# [What you are asked to do]
Go through the lines below and repeat each one exactly, skipping pictures.
== Dataset extract ==
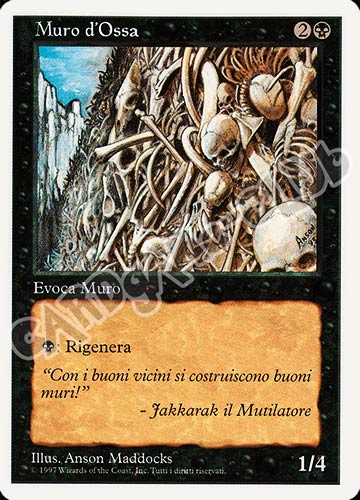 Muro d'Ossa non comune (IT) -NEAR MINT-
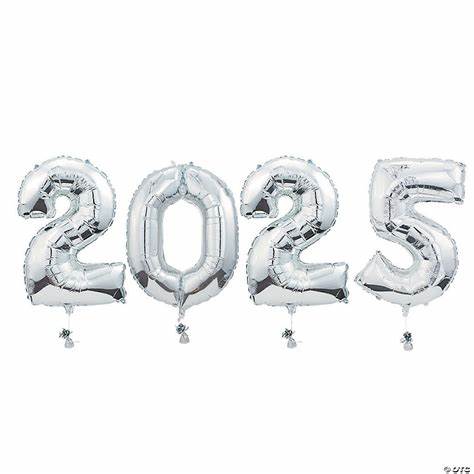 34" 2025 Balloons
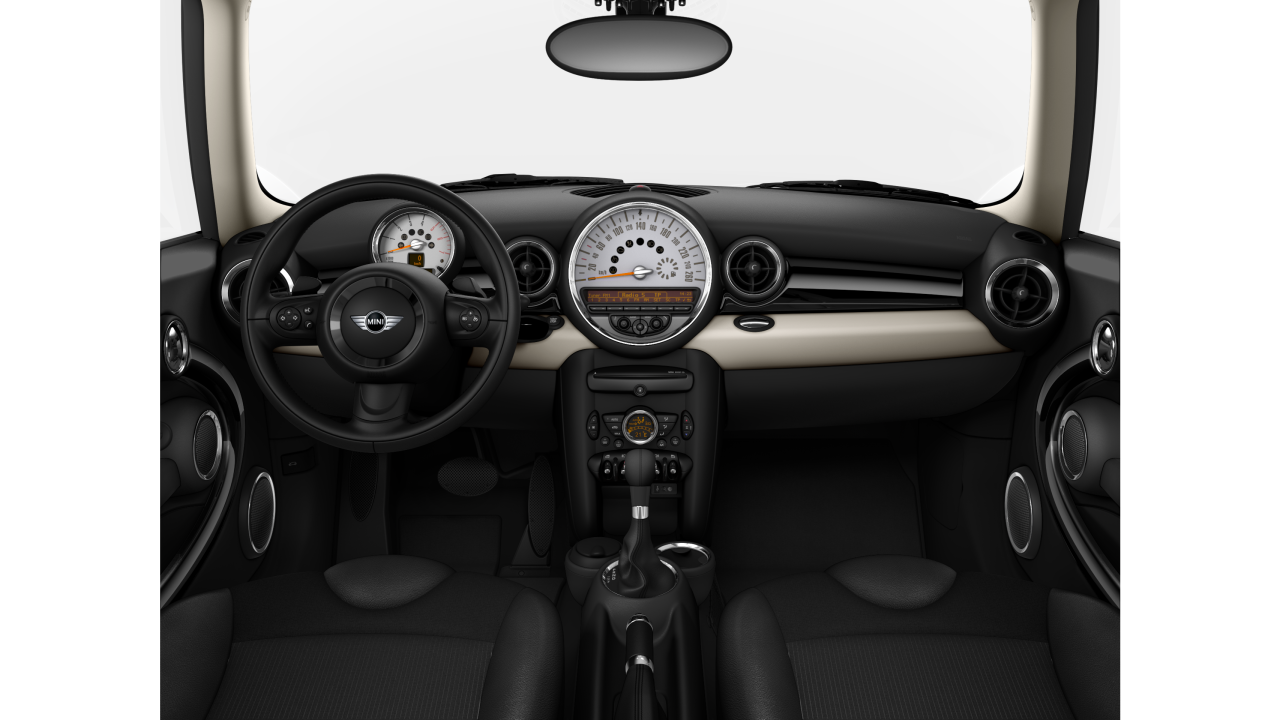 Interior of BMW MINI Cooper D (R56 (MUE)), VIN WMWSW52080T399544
===
# [Written answer]
 Muro d'Ossa non comune (IT) -NEAR MINT-
 34" 2025 Balloons
 Interior of BMW MINI Cooper D (R56 (MUE)), VIN WMWSW52080T399544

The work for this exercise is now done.